Records supplied ->
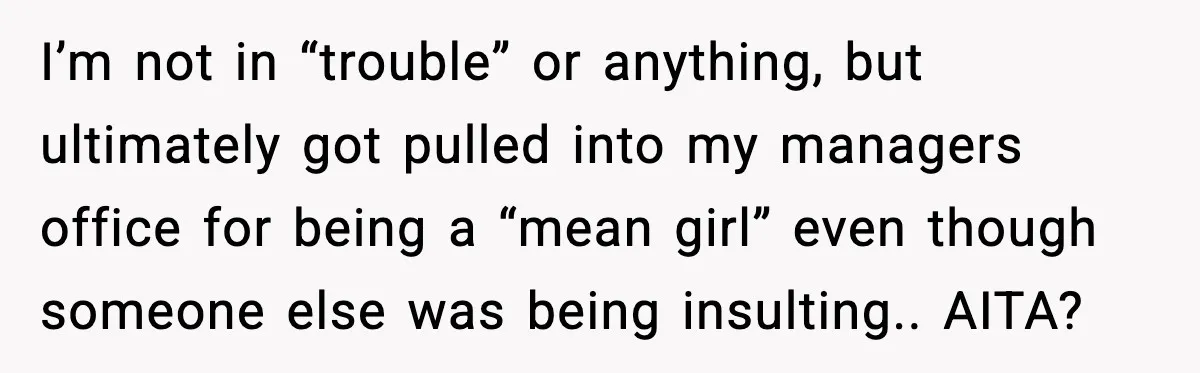 I’m not in “trouble” or anything, but ultimately got pulled into my managers office for being a “mean girl” even though someone else was being insulting.. AITA?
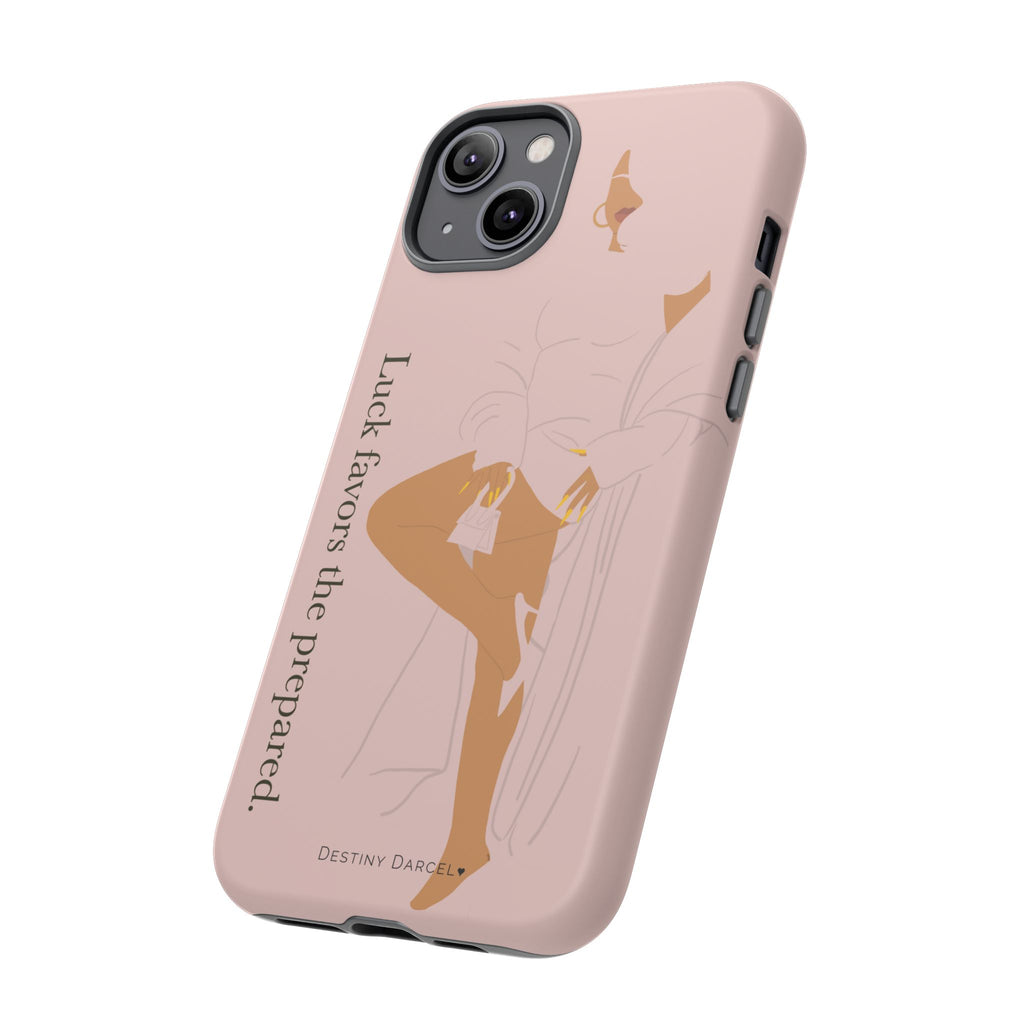 Luck Favors The Prepared Phone Case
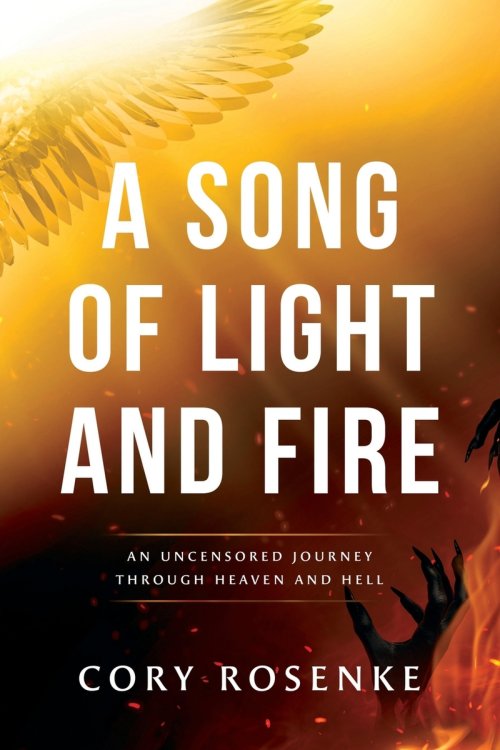 A Song of Light & Fire: An Uncensored Journey Through Heaven and Hell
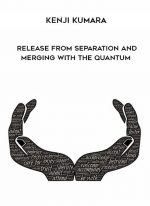 Kenji Kumara - Release From Separation and Merging With The Quantum download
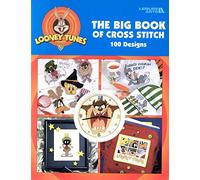 Looney Tunes the Big Book of Cross Stitch: 100 Designs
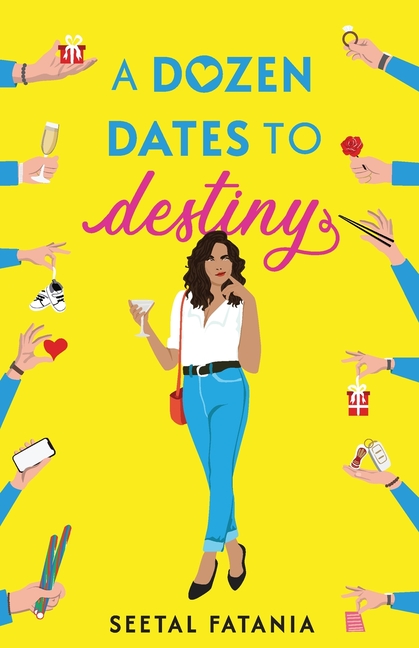 A Dozen dates To Destiny: One woman. Twelve dates. And a deadline she never asked for.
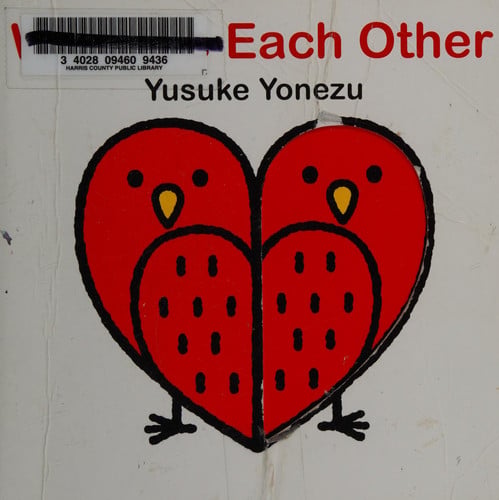 We Love Each Other: An Interactive Book Full of Animals and Hugs (The World of Yonezu)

Task brief ->
The lines to set down run from the line with "Kenji Kumara - Release" up to and including the line with "A Dozen dates" in the entries above. Reproduce them exactly, with no pictures.

Written reply ->
 Kenji Kumara - Release From Separation and Merging With The Quantum download
 Looney Tunes the Big Book of Cross Stitch: 100 Designs
 A Dozen dates To Destiny: One woman. Twelve dates. And a deadline she never asked for.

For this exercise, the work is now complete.